### TASK
Please copy the lines below, exactly as they are, from the one with "MaxMara One piece" through the one with "Cure-dents jetables, 100 à 1000 pièces", and leave out the pictures.

### SUPPLIED DATA
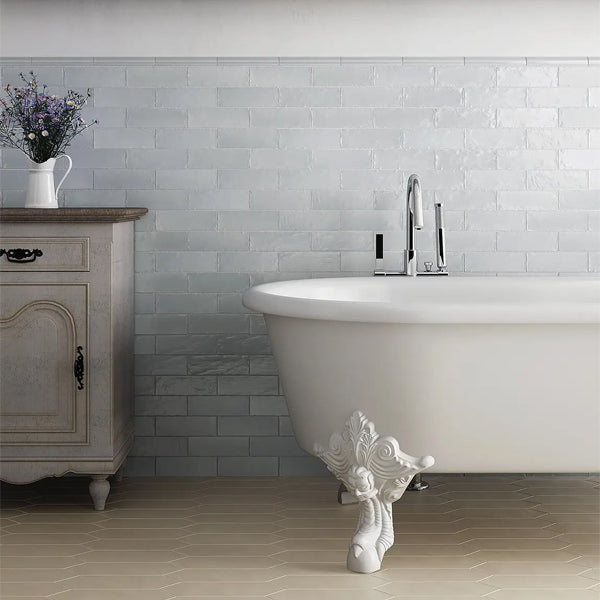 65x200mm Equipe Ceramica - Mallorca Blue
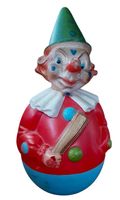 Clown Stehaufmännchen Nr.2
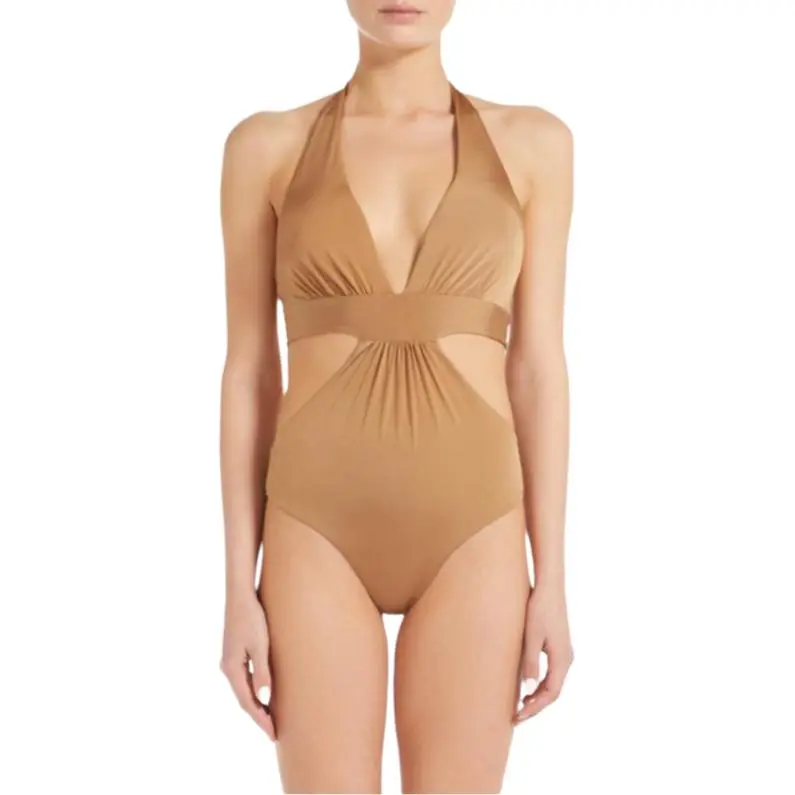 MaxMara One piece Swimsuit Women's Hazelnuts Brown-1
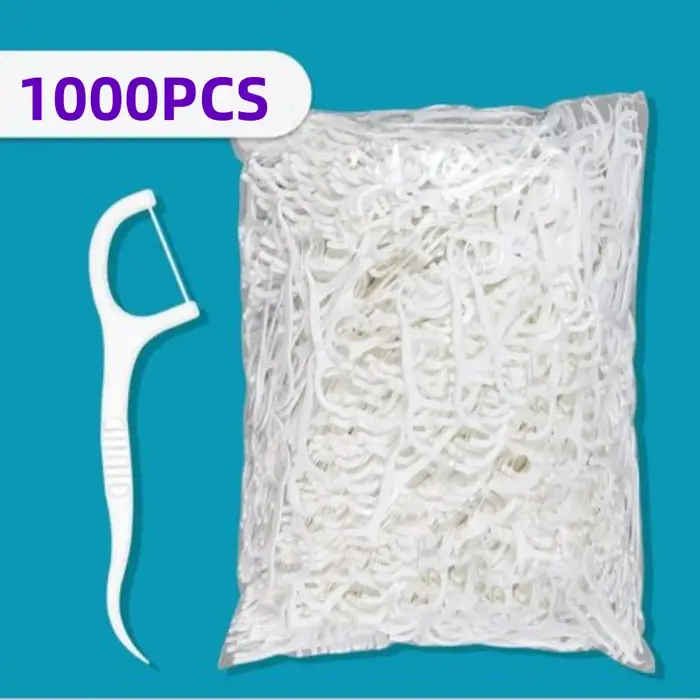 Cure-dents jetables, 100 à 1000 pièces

...

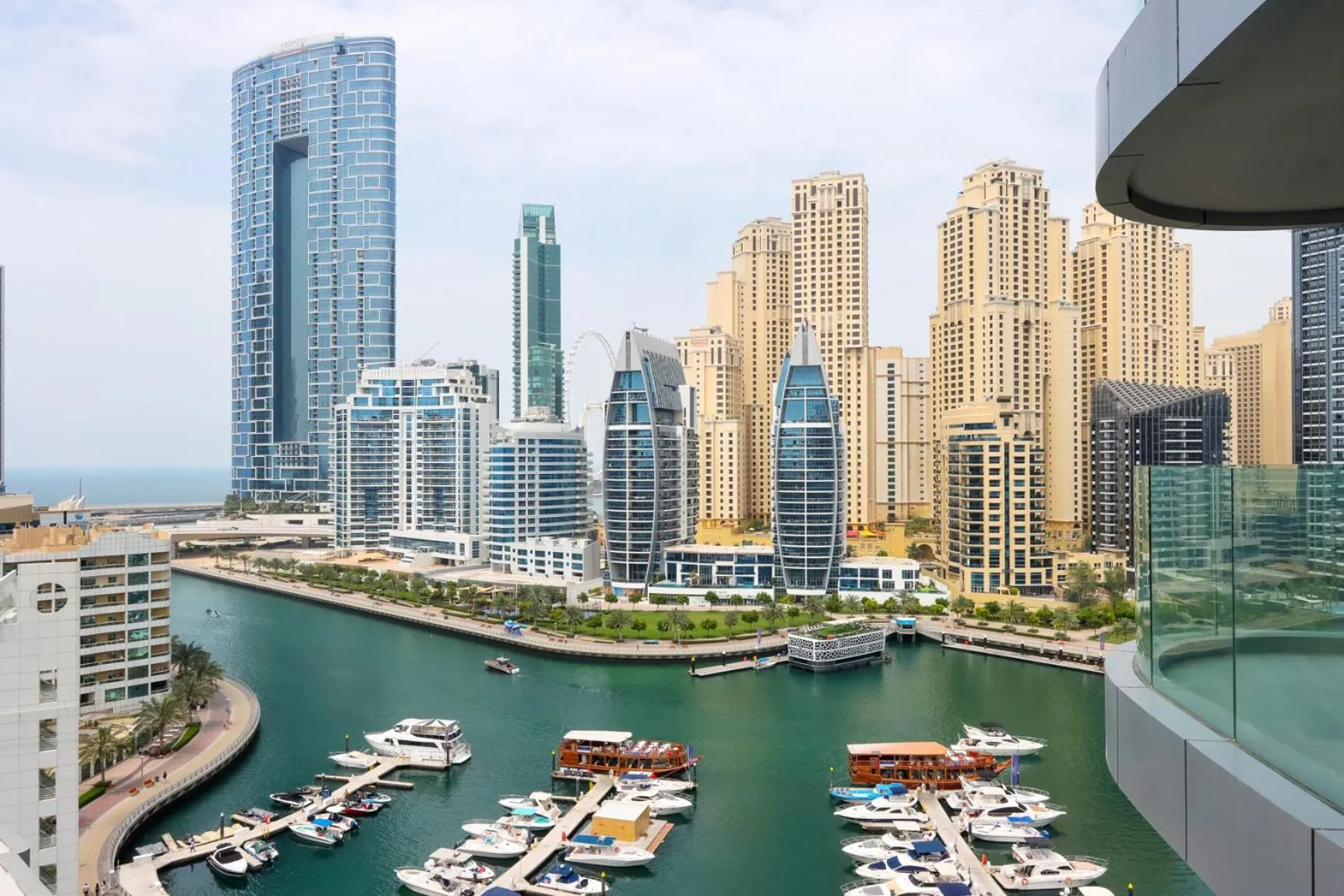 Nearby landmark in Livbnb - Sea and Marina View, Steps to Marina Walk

--

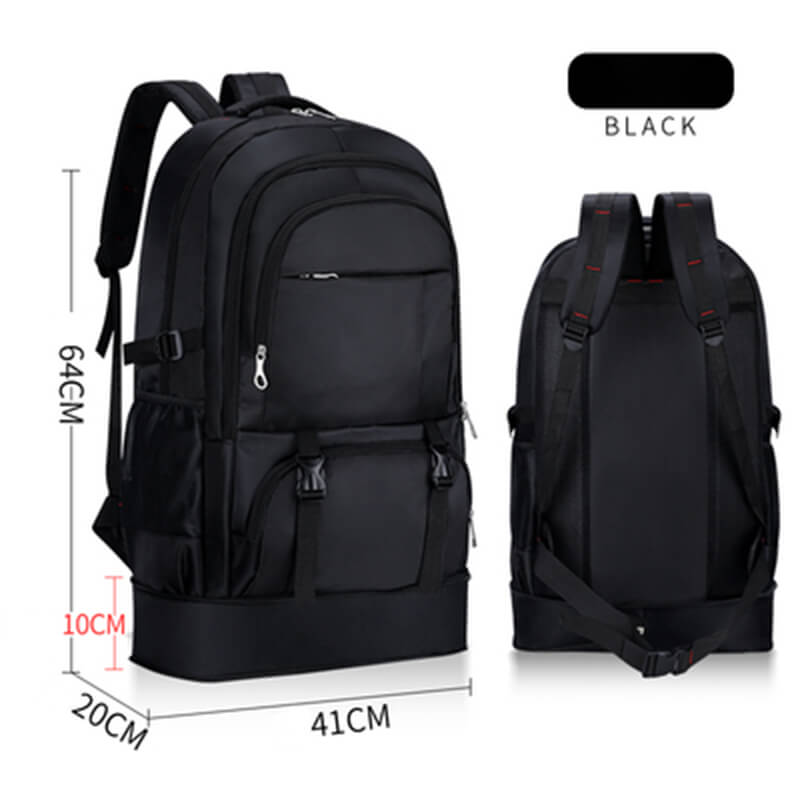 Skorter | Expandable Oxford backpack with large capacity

### TASK RESPONSE
 MaxMara One piece Swimsuit Women's Hazelnuts Brown-1
 Cure-dents jetables, 100 à 1000 pièces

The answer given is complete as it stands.